Angefeuert vom heimischen Publikum stehen die deutschen Handball-Junioren bei der U21-Weltmeisterschaft souverän im Viertelfinale. Doch ein wenig unter dem Radar sorgt eine andere Nation für Furore, die sonst nicht die Schlagzeilen der Sportwelt beherrscht.
Die absolute Sensation der U21-WM
Die Färöer deklassierten am letzten Spieltag in Hauptrundengruppe II die hochgehandelten Portugiesen mit 27:19. Der erstmalige Einzug der Juniorenauswahl der Inselgruppe in das WM-Viertelfinale hatte bereits nach dem 33:27-Erfolg über Brasilien festgestanden.

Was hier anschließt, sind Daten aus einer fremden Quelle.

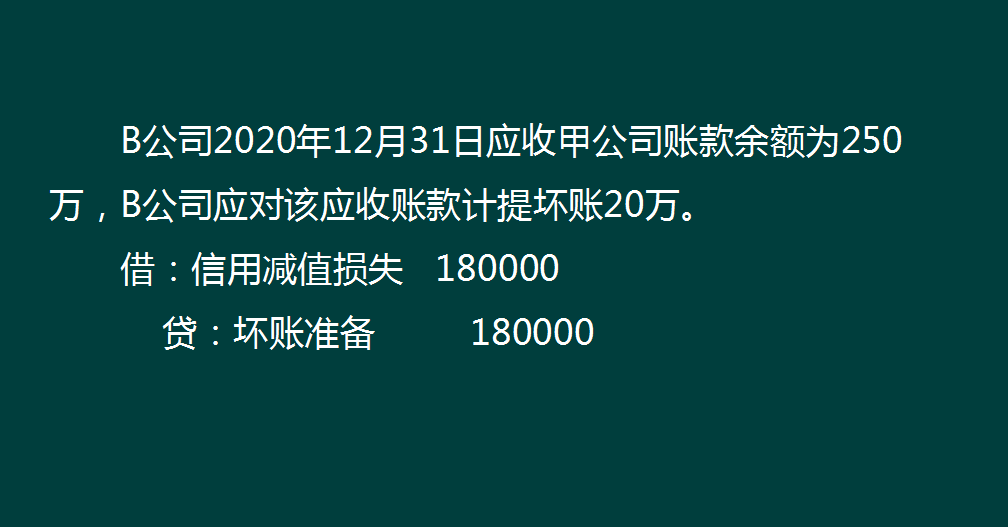 遇到坏账就发愁？坏账准备会计处理原来这样做！附案例分析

Noch mehr Aufsehen erregte zuvor nur der 34:31-Sieg im abschließenden Vorrundenspiel gegen Spanien. Die U21-Auswahl der Iberer wurde von den Färingern zu Beginn regelrecht überrollt, zur Pause stand es 21:10 für die Färöer.
Erst in der zweiten Hälfte ließen die Spanier ihre Klasse aufblitzen, doch da war es schon zu spät und die Färöer retteten eine 3-Tore-Führung über die Zeit.

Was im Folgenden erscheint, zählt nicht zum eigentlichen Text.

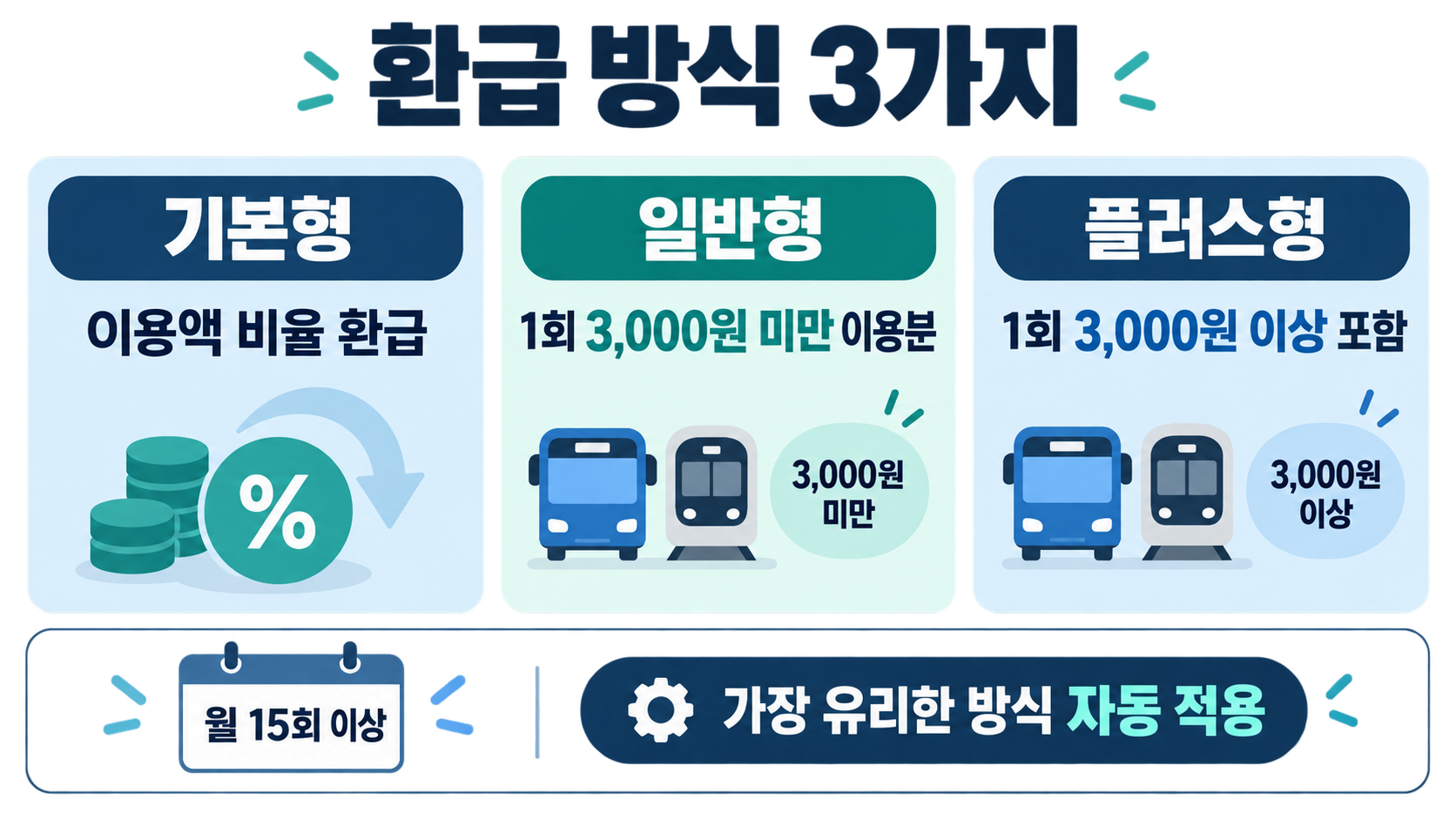 모두의카드 환급 방식 3가지 비교: 기본형 이용액 비율, 일반형 1회 3,000원 미만, 플러스형 3,000원 이상 포함, 월 15회 이상 이용 시 가장 유리한 방식 자동 적용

Die IHF bezeichnete das Ergebnis auf ihrer Webseite als „großen Schock“ und sprach von „einem der beeindruckendsten Ergebnisse in der Geschichte des Wettbewerbs“.
Erste EM-Teilnahme für die Färöer
Beeindruckend ist die Bilanz der Färinger bei dieser U21-WM. Auch wenn die achtzehn Inseln der Färöer nur etwa 54.000 Einwohner beherbergen, stürmte das Team mutig und unbeirrt mit fünf Siegen aus fünf Spielen ins Viertelfinale.
Doch der Handball-Zwerg ist noch nicht satt. „Wir sind zufrieden mit dem, was wir erreicht haben, aber wir haben noch viel vor uns“, betonte Spielmacher Elias Ellefsen á Skipagøtu, der sowohl bei den Toren (39) als auch bei den Vorlagen (31) die Turnier-Statistik anführt.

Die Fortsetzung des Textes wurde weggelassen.